Caption-style text data

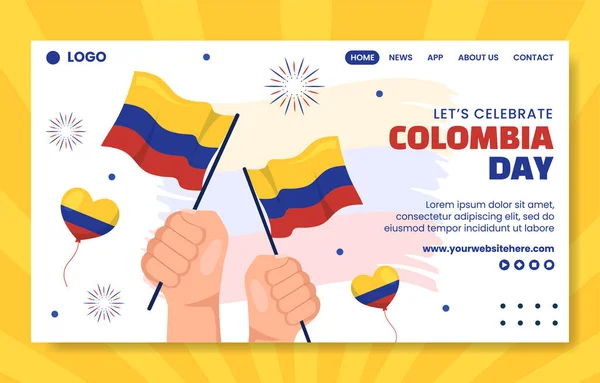 Colombia Día Independencia Social Media Landing Page Plano Dibujos Animados — Archivo Imágenes Vectoriales
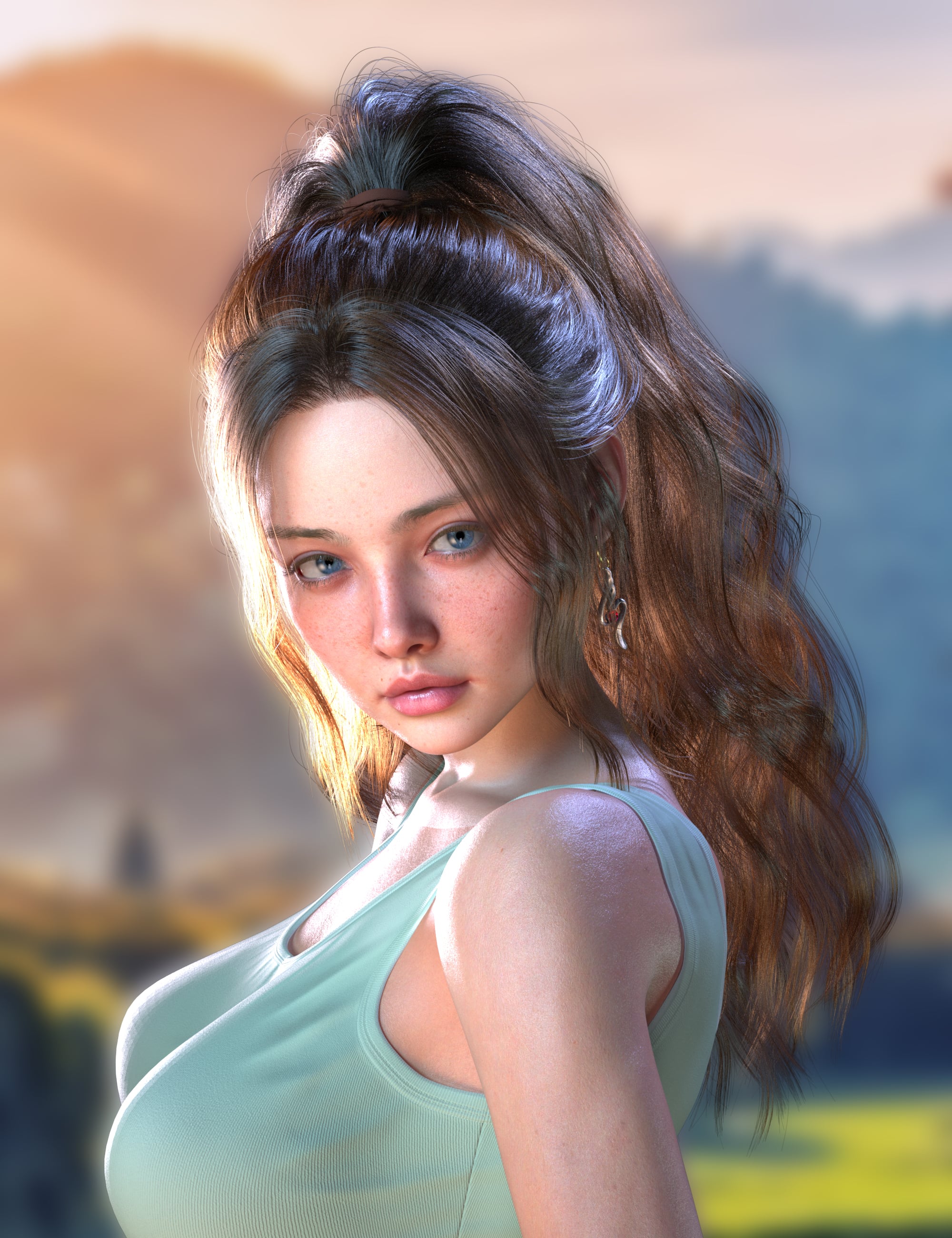 dForce FE Messy High Ponytail Strand-Based Hair for Genesis 9, 8 and 8.1 by: FeSoul, 3D Models by Daz 3D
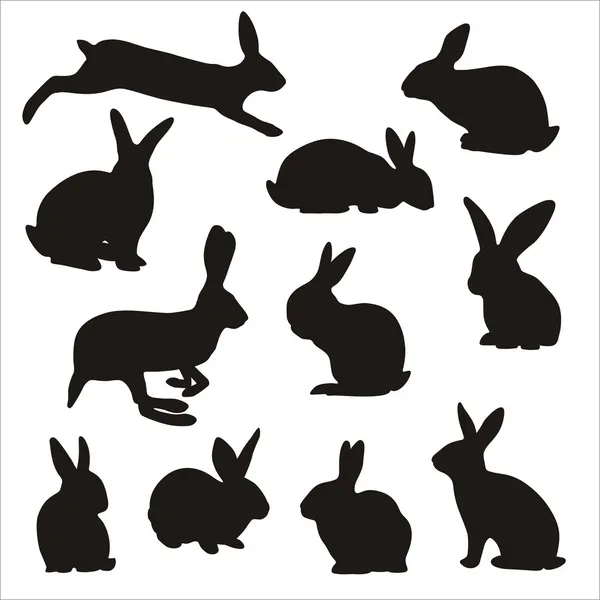 Siluetas de conejo de Pascua — Archivo Imágenes Vectoriales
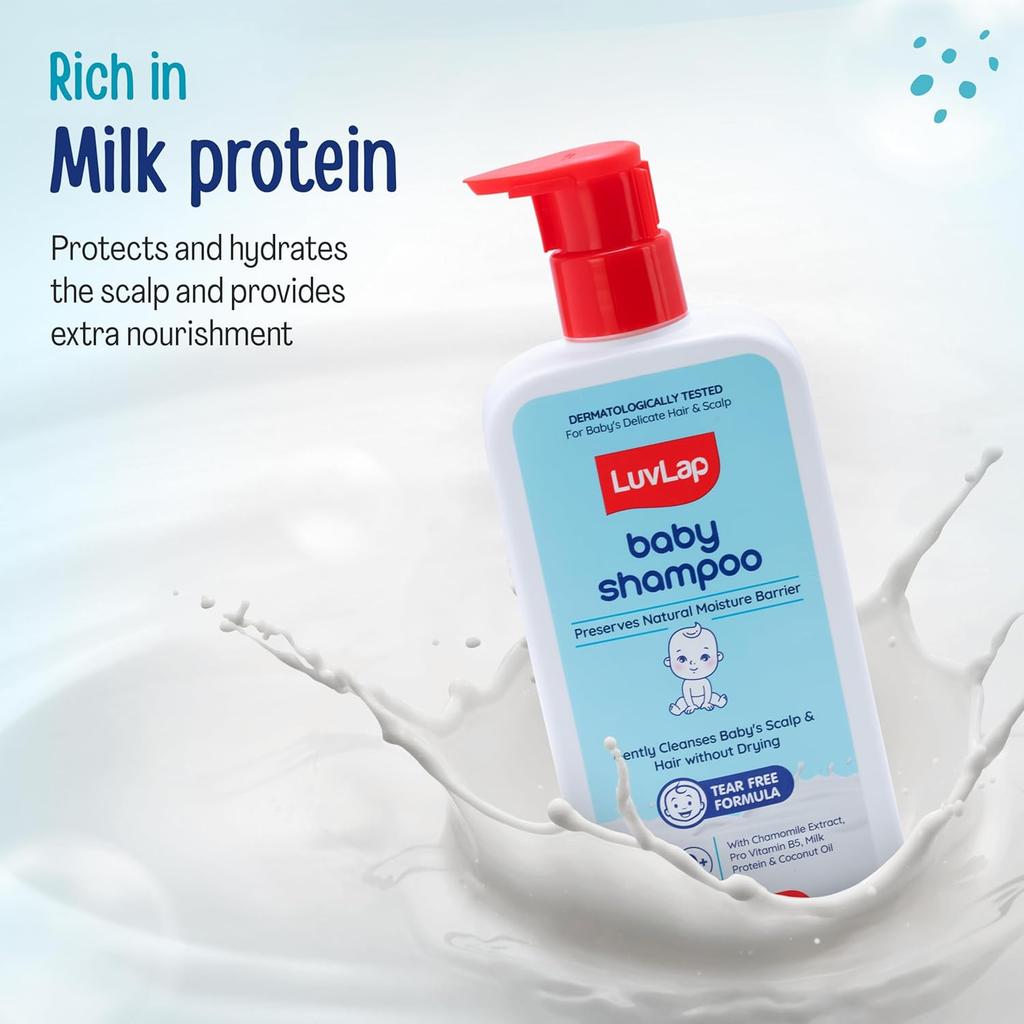 LuvLap Milky Soft Baby Shampoo with Vitamin E, Shea Butter & Milk Protein for Gentle Scalp Cleansing - Pack of 2 X 600 Ml
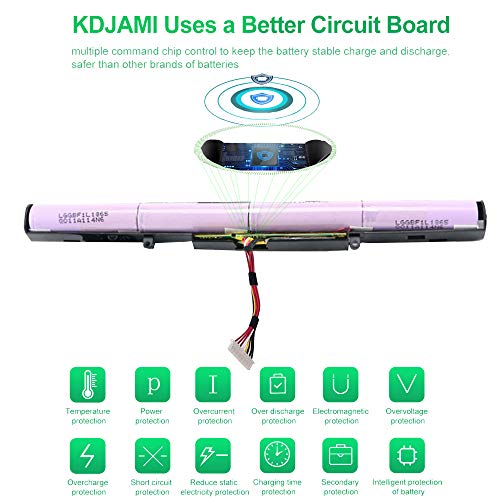 KDJAMI A41N1501 Batería para ASUS ROG GL752VW G752VW N552V N552VX GL752 N552 N752 Series Notebook 0B110-00360000 0B110-00360100 A41LK9H L41LK2H (4 Cells 15V 48Wh-1 año Garantía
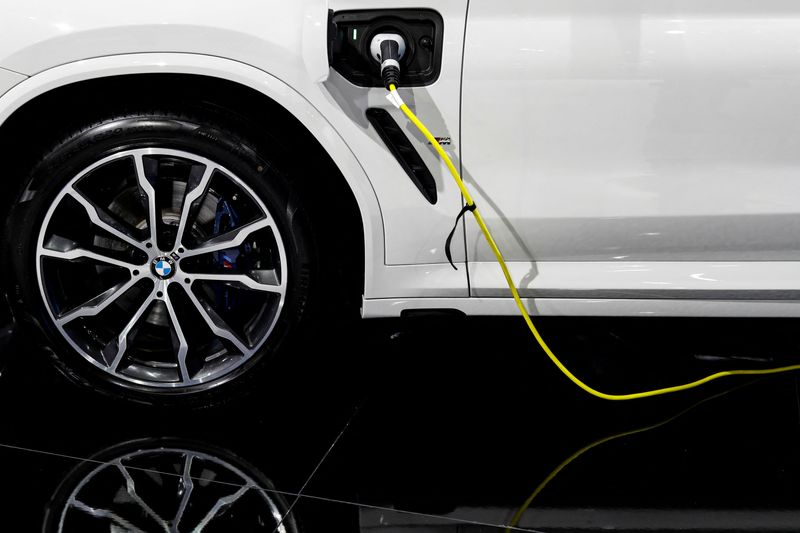 &copy; Reuters. FILE PHOTO: A BMW M plug-in hybrid electric vehicle is seen during the media day of the 41st Bangkok International Motor Show after the Thai government eased measures to prevent the spread of the coronavirus disease (COVID-19) in Bangkok, Thailand July 14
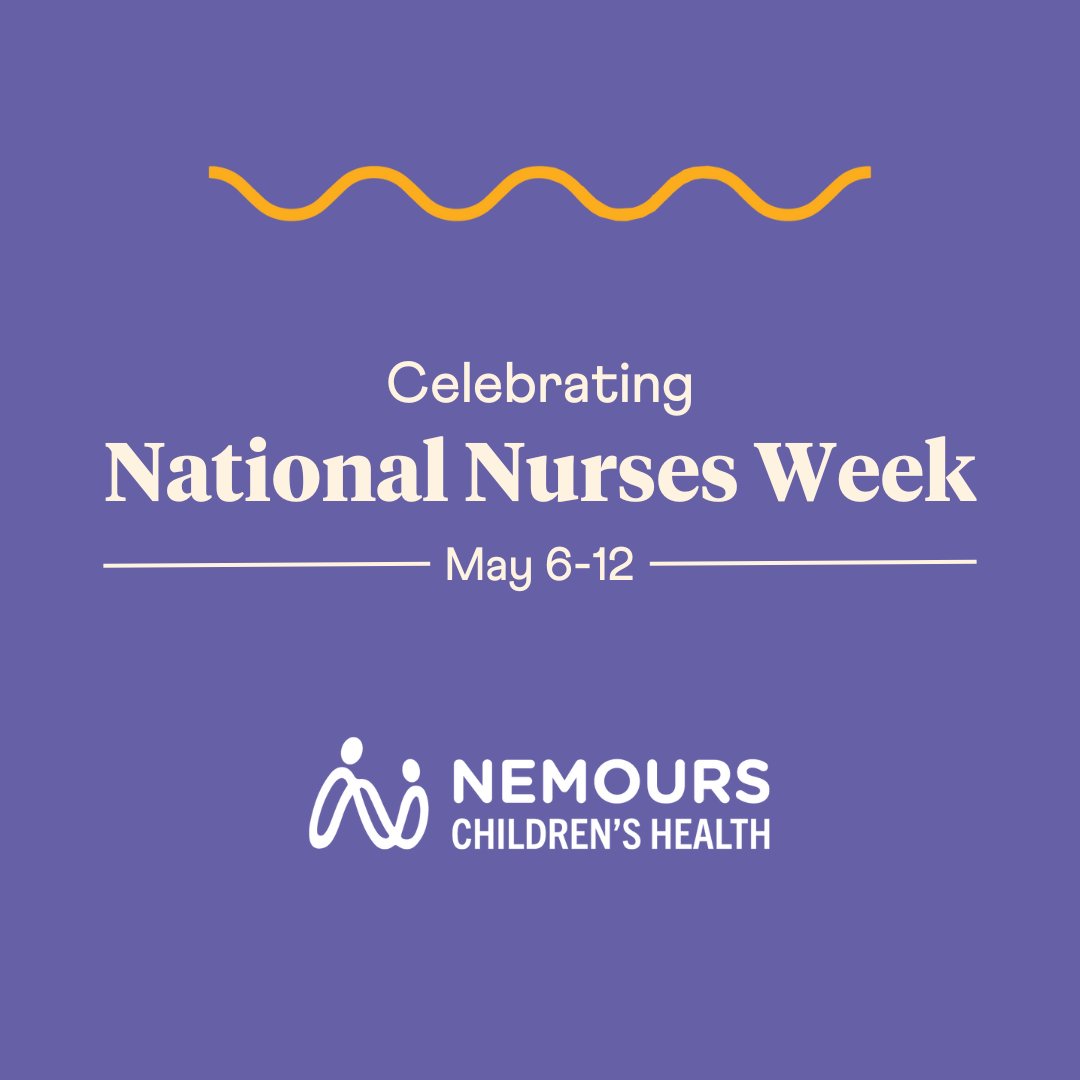 Happy #NursesWeek! At @Nemours, your dedication and compassion provide exceptional care for our patients and families. Your expertise and leadership in patient safety, quality, and innovation are truly inspiring. Thank you for making Nemours a place of healing and hope!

▶ PROBLEM TO WORK ON: Please copy, exactly as written, the lines from the one that contains "Thailand July 14" through the end of the records, both ends included. Do not include the pictures.

▶ TASK SOLUTION:
 &copy; Reuters. FILE PHOTO: A BMW M plug-in hybrid electric vehicle is seen during the media day of the 41st Bangkok International Motor Show after the Thai government eased measures to prevent the spread of the coronavirus disease (COVID-19) in Bangkok, Thailand July 14
 Happy #NursesWeek! At @Nemours, your dedication and compassion provide exceptional care for our patients and families. Your expertise and leadership in patient safety, quality, and innovation are truly inspiring. Thank you for making Nemours a place of healing and hope!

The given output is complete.